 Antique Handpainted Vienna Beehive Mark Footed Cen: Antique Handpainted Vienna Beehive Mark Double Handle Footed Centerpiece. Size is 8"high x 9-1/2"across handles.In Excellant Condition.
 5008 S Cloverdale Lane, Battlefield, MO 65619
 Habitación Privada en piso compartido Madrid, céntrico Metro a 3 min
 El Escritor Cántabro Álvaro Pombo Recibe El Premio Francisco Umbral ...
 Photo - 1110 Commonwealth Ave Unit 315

● ● ●

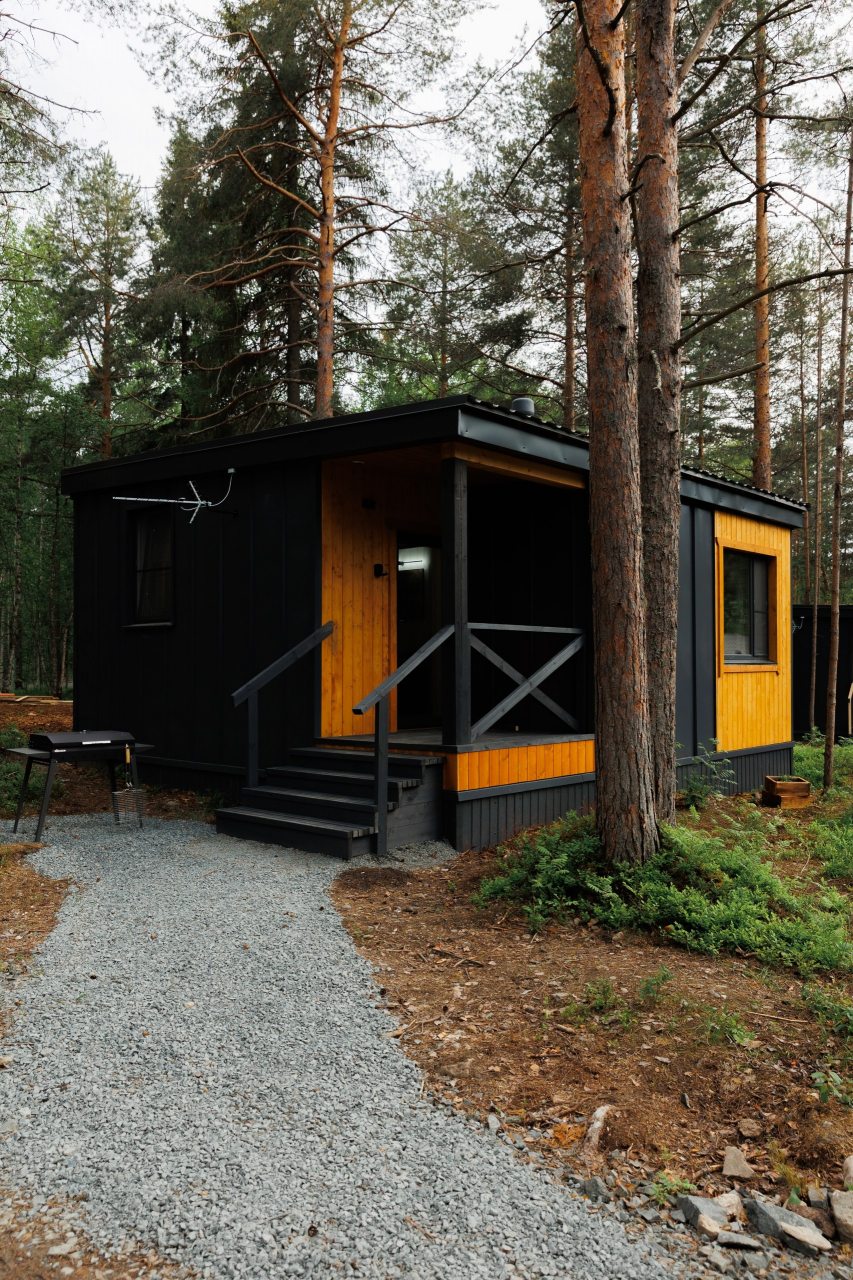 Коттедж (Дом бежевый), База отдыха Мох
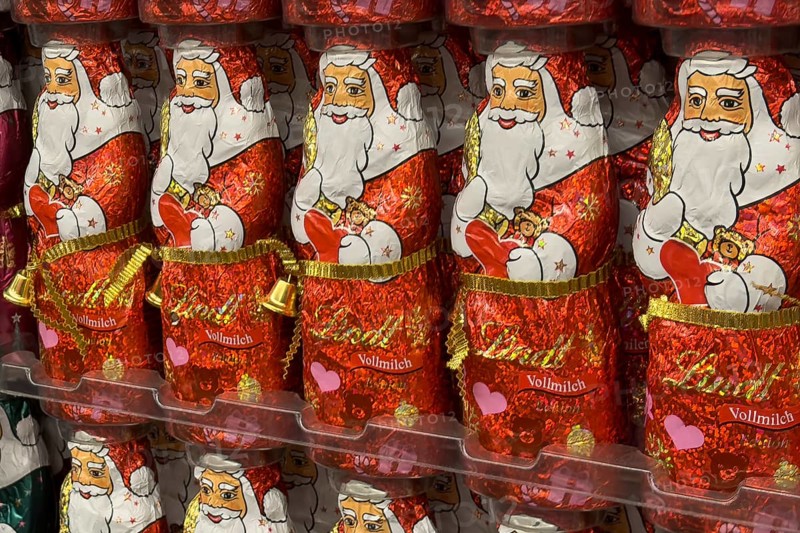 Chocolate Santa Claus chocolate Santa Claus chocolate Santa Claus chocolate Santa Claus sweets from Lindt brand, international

● ● ●

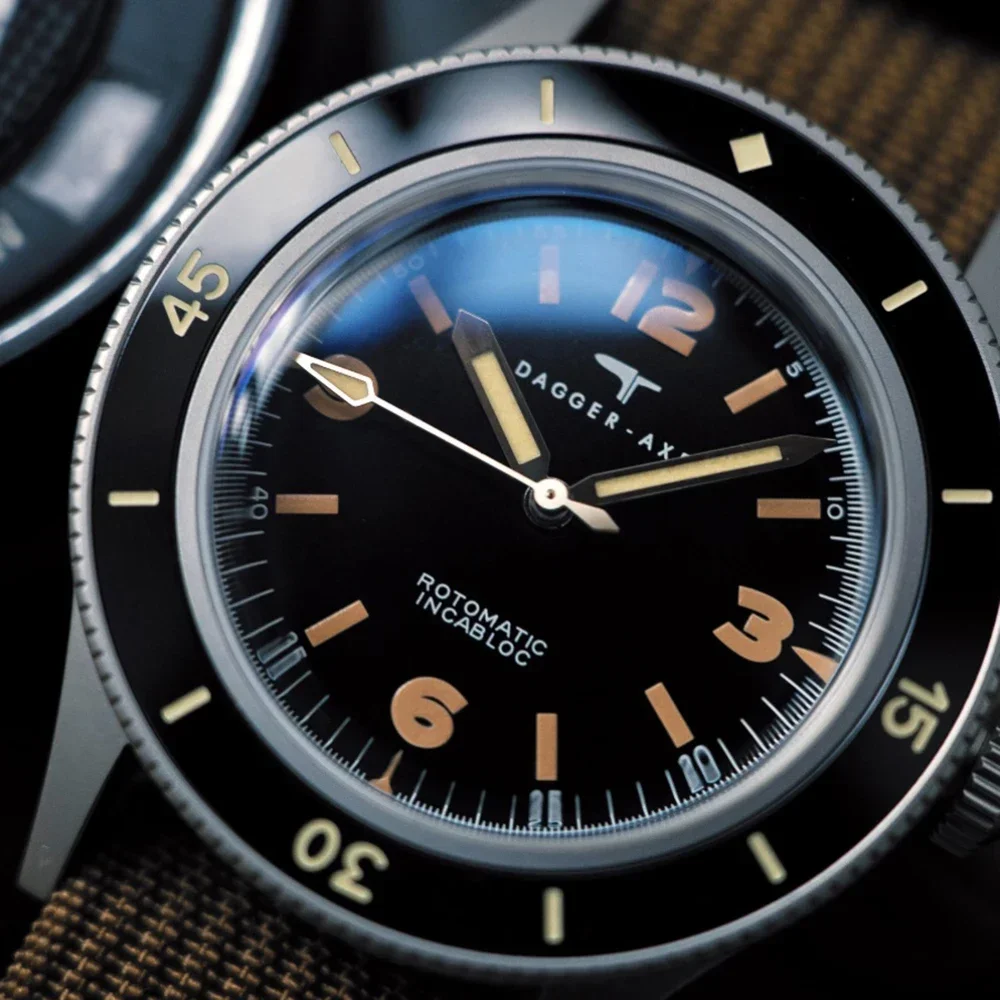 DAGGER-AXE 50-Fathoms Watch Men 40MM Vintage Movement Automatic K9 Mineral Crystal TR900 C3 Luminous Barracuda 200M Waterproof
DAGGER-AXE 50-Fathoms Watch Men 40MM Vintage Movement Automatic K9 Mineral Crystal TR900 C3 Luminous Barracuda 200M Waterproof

● ● ●

What is needed: Reproduce word for word the material above, beginning with the line that contains "Antique Handpainted Vienna Beehive Mark Footed" and ending with the line that contains "Photo - 1110 Commonwealth Ave Unit 315".

Solved problem:
 Antique Handpainted Vienna Beehive Mark Footed Cen: Antique Handpainted Vienna Beehive Mark Double Handle Footed Centerpiece. Size is 8"high x 9-1/2"across handles.In Excellant Condition.
 5008 S Cloverdale Lane, Battlefield, MO 65619
 Habitación Privada en piso compartido Madrid, céntrico Metro a 3 min
 El Escritor Cántabro Álvaro Pombo Recibe El Premio Francisco Umbral ...
 Photo - 1110 Commonwealth Ave Unit 315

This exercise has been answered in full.